Court Opinion

ID: 2898268
Source: CourtListenerOpinion
Date Created: 2015-09-08 22:01:15.061614+00
Date Added: 2024-06-11T07:48:57.224213
License: Public Domain

NONPRECEDENTIAL DISPOSITION
                To be cited only in accordance with Fed. R. App. P. 32.1

                United States Court of Appeals
                                 For the Seventh Circuit
                                 Chicago, Illinois 60604

                              Submitted September 2, 2015*
                               Decided September 8, 2015

                                          Before

                          DIANE P. WOOD, Chief Judge

                          RICHARD A. POSNER, Circuit Judge

                          ILANA DIAMOND ROVNER, Circuit Judge

No. 15-1189
                                               Appeal from the United States District
UNITED STATES OF AMERICA,                      Court for the Southern District of Indiana,
     Plaintiff-Appellee,                       Terre Haute Division.

       v.                                      No. 2:12CR00010-001

RODNEY L. DAVIS,                               Jane Magnus-Stinson,
    Defendant-Appellant.                       Judge.

                                        ORDER

        Rodney Davis, an inmate housed at the Federal Correctional Institution in
Butner, North Carolina, appeals the denial of his postjudgment motion challenging the
Bureau of Prisons’ collection of his restitution payments through the Inmate Financial
Responsibility Program (“IFRP”). The district court ruled that Davis should have
disputed the payment collections by first exhausting his administrative remedies and
then filing a petition under 28 U.S.C. § 2241 in his district of incarceration. We affirm.

       *After examining the briefs and the record, we have concluded that oral
argument is unnecessary. Thus the appeal is submitted on the briefs and the record.
See FED. R. APP. P. 34(a)(2)(C).
No. 15-1189                                                                          Page 2

       Davis was convicted in 2013 in the Southern District of Indiana of possessing and
distributing child pornography, 18 U.S.C. § 2252(a)(2), (a)(4)(B), sentenced to
292 months’ imprisonment, and ordered to pay both an assessment of $1,100 and
restitution of $16,000, with “[p]ayment to begin immediately,” see 18 U.S.C. § 3572(d)(1).
The judgment states that “payment of criminal monetary penalties is due during
imprisonment.” We later dismissed his appeal at his request. See FED. R. APP. P. 42(b).

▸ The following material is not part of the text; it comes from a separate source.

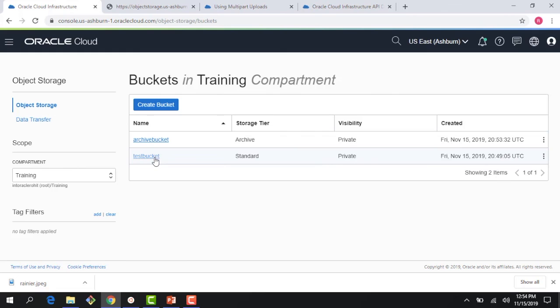Hopefully that gave you a good quick overview of how the OCI object storage service works. In the next module we'll look into some of the more advanced details like cross-region copy, pre-authenticated request, etc. Thank you for joining this demo. I hope to see you in the next module, thank you.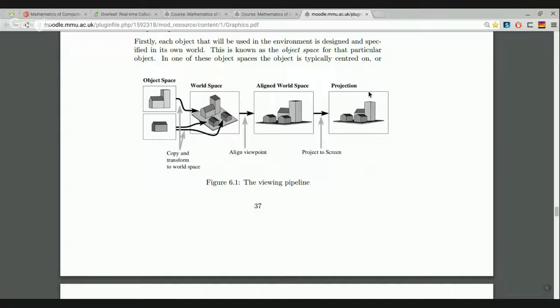Two pieces of information are needed: the position of the viewpoint — essentially the position of the eye of the observer — and the direction it is looking. You either need a viewing vector or a position of a center of view; you can formulate the viewing vector as the vector joining the viewpoint and the center of view. We're simplifying by avoiding stereoscopic vision and treating the viewpoint as a single point — like your pupil.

       Nearly a year later, Davis filed in the district court a self-styled “Motion to Defer
Fine/Restitution Payments until the Time of Supervised Release.” Davis asserted that
the BOP had usurped the district court’s power to schedule a payment plan by drawing
funds from his trust account and threatening to take away privileges if he did not make
funds available. As a “poor inmate with little to no means of meeting this financial
obligation while he is incarcerated,” Davis asked the district court to place him on “no
obligation status” and stop the BOP from collecting any payments until his release from
custody.

       The district court denied Davis’s motion, explaining that the BOP has the
authority to collect payments through the IFRP during imprisonment, see United States
v. Sawyer, 521 F.3d 792, 795–96 (7th Cir. 2008); McGhee v. Clark, 166 F.3d 884, 886
(7th Cir. 1999), and to remove certain privileges if an inmate refuses to comply with his
payment plan under the IFRP, see United States v. Boyd, 608 F.3d 331, 334 (7th Cir. 2010);
28 C.F.R. § 545.11(d). If Davis wants to challenge his payment plan, the court added, he
must exhaust administrative remedies and may then file a petition under 28 U.S.C.
§ 2241 in the district of incarceration. See United States v. Diggs, 578 F.3d 318, 319–20
(5th Cir. 2009).

       On appeal Davis maintains that the district court improperly delegated the
scheduling and collection of restitution payments to the BOP. But the district court did
not expressly delegate anything to the BOP. Instead, the court determined the
restitution amount and ordered immediate payment. This is consistent with 18 U.S.C.
§ 3572(d)(1), which requires payment of restitution to be made “immediately” unless
the court orders otherwise. As the district court explained, Davis may challenge the
payment schedule set by the BOP by raising it in a § 2241 petition in the district of his
confinement. See 28 U.S.C. § 2241(a), (d); McGee v. Martinez, 627 F.3d 933, 936–37 (3d Cir.
2010); Diggs, 578 F.3d at 319–20; Matheny v. Morrison, 307 F.3d 709, 711–12 (8th Cir.
2003).

                                                                               AFFIRMED.